Esa frase la escuchamos frecuentemente cuando surgen condiciones difíciles para familias, ciudades o el mundo, como la que vivimos actualmente con la pandemia. Muchas personas que han pasado por situaciones complicadas o crisis en algún momento de sus vidas, han demostrado que de una u otra manera, esto los impulsa a lograr grandes cosas. La crisis que nos ha traído la pandemia nos ha convertido en personas más solidarias y a acercarnos más a nuestros familiares y vecinos, así no los tengamos cerca.

Este simple hecho está confirmado por evidencia más sólida que casi cualquier otro conocimiento científico, pero a menudo lo olvidamos y en estos momentos, es fundamental recordarlo.

“Hemos aprendido a aceptar la ayuda de los demás”, escribe una mujer que vive en Wuhan. “Debido a esta cuarentena, nos hemos unido y apoyado unos a otros de formas que nunca había experimentado en nueve años de vivir aquí”.

Millones de chinos se animan unos a otros a mantenerse firmes, usando la expresión “Jiayou” (“no te rindas”). Los videos de YouTube muestran a personas en Wuhan cantando desde las ventanas de sus casas, junto con numerosos vecinos cercanos, sus voces se elevan en coro y resuenan entre las altísimas torres de las ciudades chinas.

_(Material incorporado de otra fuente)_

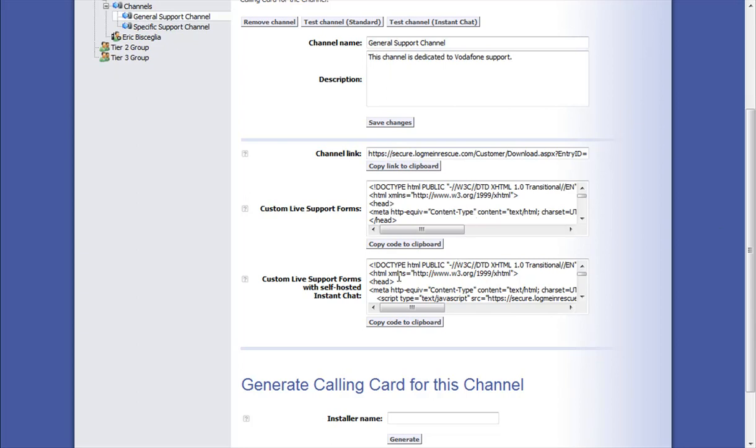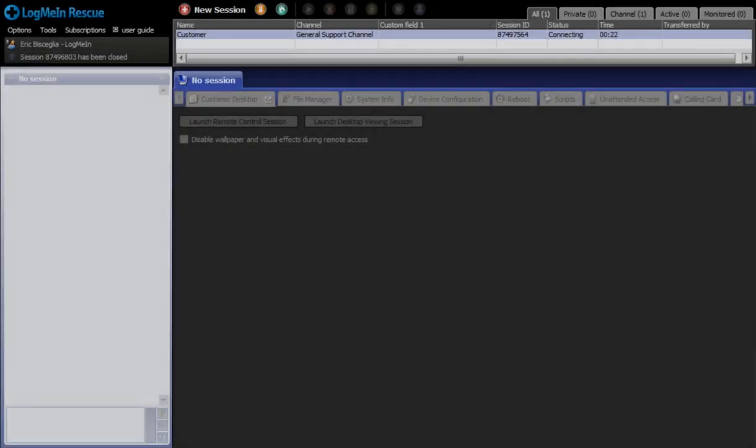Using those forms and that unique channel link, we can direct support requests specifically to the technician groups that are assigned to this channel. In this case, it's the Tier 1 group.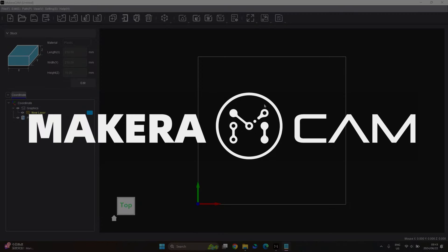Hi everyone, I'm Urlov and I'm excited to introduce the first public release of the Makera CAM software. In this video, I'll provide a basic overview of all the current features and functions you can expect from the beta version. There will be many more versions in the future and we'll create videos for those too. Keep an eye on your email for the download instructions and let's get started.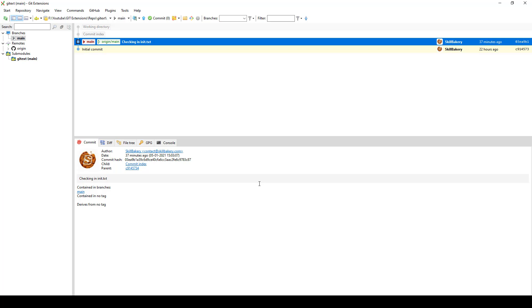In the next one, we'll be exploring what happens if someone else makes changes to the same file that we have pushed. We'll be able to see conflicting merges and how to resolve them.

En Siena y Nápoles, ambos cerrados por completo, la gente canta junta desde los balcones de sus casas. Los niños en Italia escriben “andrà tutto bene” (“todo saldrá bien”) en calles y paredes, mientras innumerables vecinos se ayudan entre sí.

“Después de un momento de pánico en la población, ahora hay una nueva solidaridad. En mi comunidad las droguerías llevan víveres a las casas de las personas y hay un grupo de voluntarios que visita casas de personas mayores de 65 años”.

Un guía turístico de Venecia señala: “Es humano tener miedo, pero no veo pánico ni actos de egoísmo”.

Las palabras “andrà tutto bene” – todo estará bien – fueron utilizadas por primera vez por algunas madres de la provincia de Puglia, que publicaron el eslogan en Facebook. A partir de ahí, se extendió por todo el país y se volvió viral casi tan rápido como la pandemia. El coronavirus no es el único contagio: la bondad, la esperanza y la caridad también se están extendiendo.

La situación actual tiene similitudes obvias con la respuesta humana a los desastres naturales, que se ha investigado ampliamente durante décadas. Las noticias que siguen a un desastre natural casi siempre están dominadas por historias de saqueo y violencia, pero en muchos casos estas historias resultan ser especulaciones infundadas basadas en rumores.

Desde 1963, el Centro de Investigación de Desastres de la Universidad de Delaware ha realizado cerca de 700 estudios de campo sobre inundaciones y terremotos, y la investigación in situ revela los mismos resultados cada vez: la gran mayoría de las personas mantienen la calma y se ayudan mutuamente. “Cualquiera que sea el alcance del saqueo”, señala un sociólogo, “siempre palidece en importancia ante el altruismo generalizado que conduce a la entrega y el intercambio masivo y gratuito de bienes y servicios”.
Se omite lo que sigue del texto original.